◆ PROVIDED DATA ◆

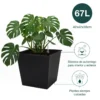 Pack De 3 Macetas Con Autorriego De Polipropileno 67 L 42x42x38 Cm Hortalia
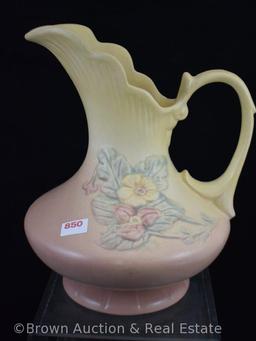 Hull Wild Flower W-11-8.5" pitcher, brown/yellow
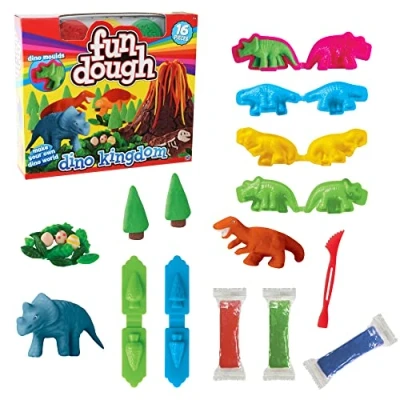 Image of HTI Fun Dough Dinosaur 16 Pieces Play Set Make Your Dino World Playset Including Rolling Pin Moulds &amp; Accessories Playdough Tools and Cutters Non Toxic Colours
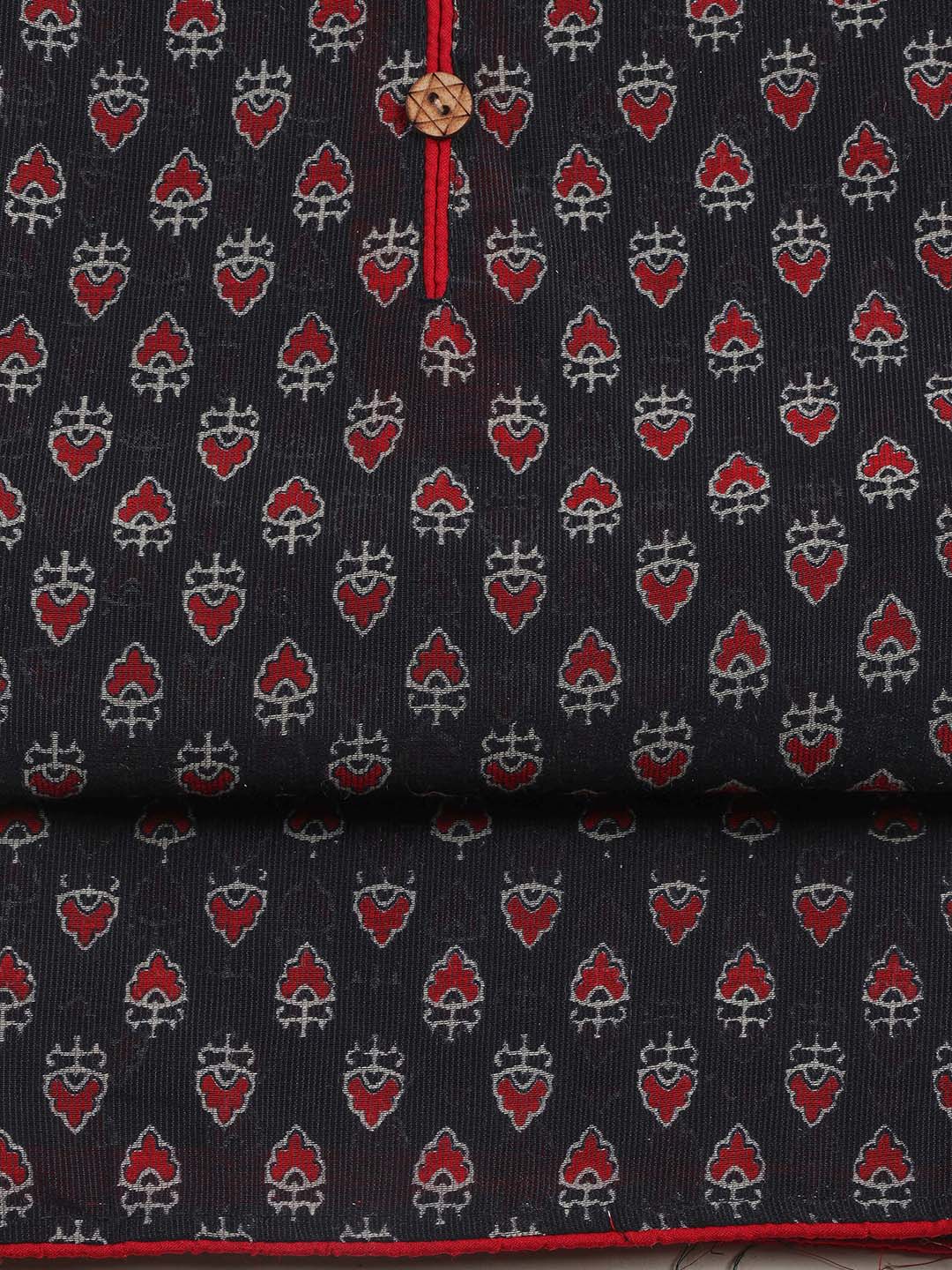 Printed Cotton Blend Unstitched Suit With Dupatta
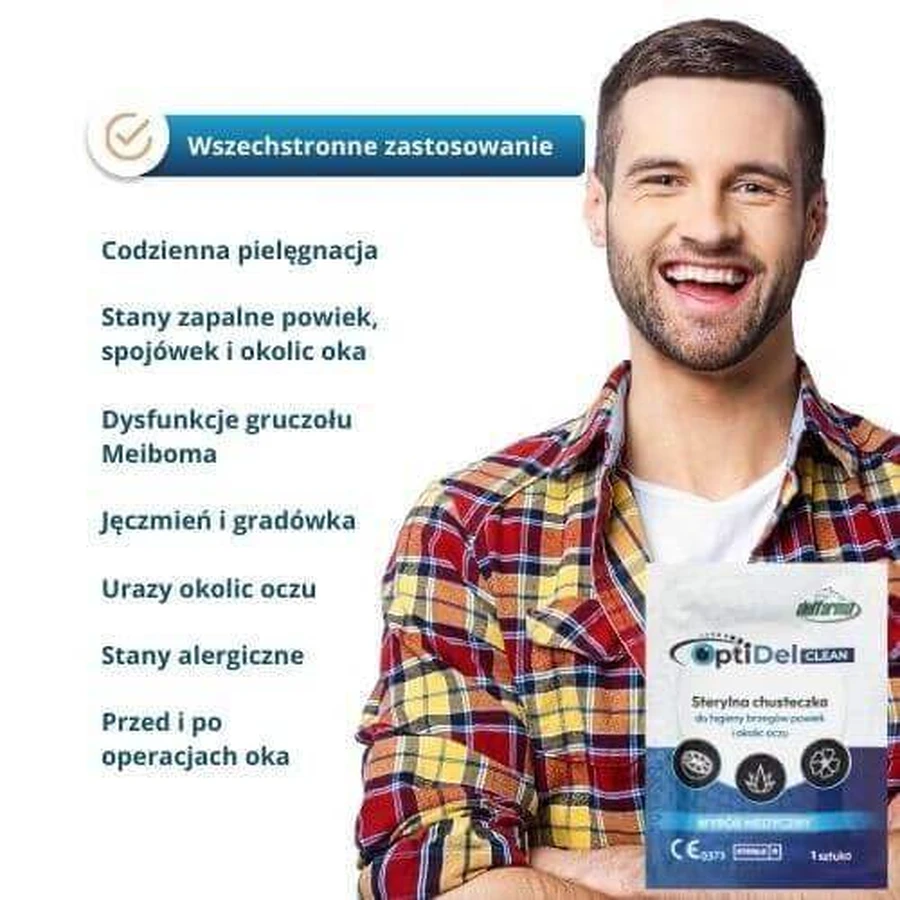 Стерильні серветки OptiDel Clean для гігієни країв повік та області навколо очей, 20 шт.: ціни та характеристики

◆ REQUIRED ACTION ◆
If any image appears in the entries, omit it and return the rest verbatim.

◆ WRITTEN ANSWER ◆
 Pack De 3 Macetas Con Autorriego De Polipropileno 67 L 42x42x38 Cm Hortalia
 Hull Wild Flower W-11-8.5" pitcher, brown/yellow
 Image of HTI Fun Dough Dinosaur 16 Pieces Play Set Make Your Dino World Playset Including Rolling Pin Moulds &amp; Accessories Playdough Tools and Cutters Non Toxic Colours
 Printed Cotton Blend Unstitched Suit With Dupatta
 Стерильні серветки OptiDel Clean для гігієни країв повік та області навколо очей, 20 шт.: ціни та характеристики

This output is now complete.